From: Benedict Adamson <ben_at_cd.co.uk>
Date: Tue, 11 Aug 1998 14:06:38 +0100


[Jane Williams <jane_at_williams.nildram.co.uk> despaired that playing Ernalda
initiation would require a detailed description of the geology (I'd say geography) of a clan's land. I suggested that, because clans are self sufficient
economic units, they would have some of all the important land types. Therefore detailed rules for determining the precise geography of a clan's land seems unnecessary.]
In different clans, the names of the places and earth spirits, etc. would be different, but the types of places and spirits found would be the same. A clan's
territory would not have an arbitrarily drawn boundary, which later transpired to contain particular geological, geographic and magical features. The clan would settle, then shape, quest, trade and fight for a region it could live on: the clan territory would necessarily contain particular geologic, geographic and magical features.

I said I would provide some RW references.

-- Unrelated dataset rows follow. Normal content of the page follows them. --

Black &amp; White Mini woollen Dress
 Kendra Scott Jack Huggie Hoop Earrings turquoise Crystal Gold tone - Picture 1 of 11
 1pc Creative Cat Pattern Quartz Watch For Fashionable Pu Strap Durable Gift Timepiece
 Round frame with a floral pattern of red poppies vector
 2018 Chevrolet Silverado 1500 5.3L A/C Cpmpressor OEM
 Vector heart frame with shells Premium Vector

_The Origins of Anglo-Saxon Kingdoms_,
ed. Steven Bassett,
Leicester University Press 1989,
ISBN 0-7185-1317-7. pg. 21:
[About the _regio_, that is, the district of, a people called the Rodings:]
`What is so striking about it is... the extent it conforms to the prevailing natural topography. It comprises a discrete block of the valley of the River Roding... and clearly contains a cross-section of all available land resources: it is geographically coherent... [This area is] exactly what one would expect a well organized, self contained community living under an economy of subsistence and exchange to have occupied.'
[The _regio_ is about 7x9 km. Another poster suggested that was about the
size of a Sartar clan.]

_A Second Handbook of Anglo-Saxon Food & Drink: Production & Distribution_, Anglo-Saxon Books 1995,
ISBN 1-898281-12-2. pg. 260:
`The landscape was structured in basic resource units consisting of arable, river-grazing areas, an intercommoning area, a large tract of rough pasture and woodland, some of which could be used for emergency cultivation or transhumance... Together they contained the types of area that could produce sheep, pigs and cattle as well as cereal crops and honey.'

pg. 261:
The legal standard Wessex food rent for a mere 10 hides included honey, loaves & ale, bullocks or wethers, geese & hens, cheese & butter, salmon & eels, and fodder: even small regions apparently had various land types.